I expect the facts you've reported here does have an impact on train performance in OR and MSTS... grades made easier to ascend.

• I agree with your first statement. Shortly after I discovered (in 2010) that MSTS rotated sections as rigid bodies, I re-laid the curve that I discovered it on -- by dividing and conquering. The curve is DL&W's where the track does a big U-turn, turning almost a 180 to ascend South Hill in Ithaca, New York. The first DT section I replaced was a full 1.57 radians at R = 440 meters. I replaced that by 9 sections -- the first eight at .175 radians and a ninth with the remainder length. That, in order to meet my standards. I really think that the choice should be made by the route developer.
  
  
• As I said above, the work-around occurred to me almost immediately, and I don't think I'm particularly creative. I'm much more likely to start working on a solution that was correct, which is what I did. Unfortunately, there was no alternative route editor in 2010.
  
  
• I would expect it does -- for long DT curves. Like this one in three DT sections --

 Tehachapi Loop.jpg (161.35K)
Number of downloads: 2

[WaltN]

Goku, on 15 September 2018 - 10:36 AM, said:

The effect is not noticeable for most of the track shapes. Curves up to 20d are safe.
The elevation error is corresponding to rail bump. If you don't see any gap between tracks, then the elevation/slope error not exist. If you see small gap, then the error is small.
If the slope error is relevant, then huge gap between rails of next track will be visible.

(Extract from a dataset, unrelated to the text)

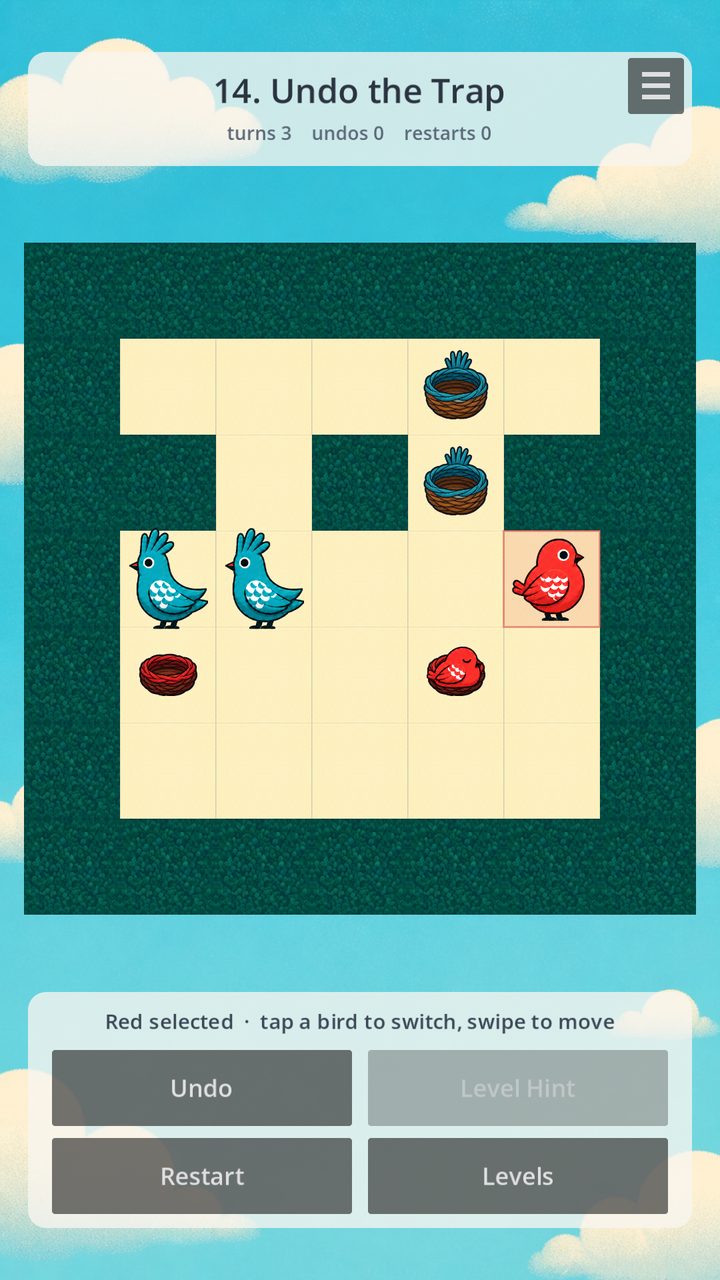 A board part-way through level 14, Undo the Trap. Undo is available and Level Hint has greyed out because the board has been moved.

I agree with your first sentence, except that plot is for one radius -- 100 meters. The elevation discrepancy will grow proportionately with radius.

I think I had a language problem in your second -- with "gap." A rail gap is typically a longitudinal offset. I think you're talking about a vertical offset, that is, in height. Interpreted that way, I agree.

True.

Goku, I can't help but wonder why it is that you seem resistant to doing procedural curves on a grade properly -- that is as helixes. They're as easy to generate as circular arcs. You just add a vertical offset proportional to the distance along the arc.

[WaltN]

 x.gif (37.25K)
Number of downloads: 0

This plot regards a topic that I did not cover in my recent analysis. It shows the twist in the rails (red) corresponding to the centerline (green) of the curve. The blue line was the sought grade.


The plot dates to April 2010 when it was plotted based on values logged from OR. Dave and Chris will remember this well. The twist will exaggerate vertical discrepancies on one rail while reducing it on the other.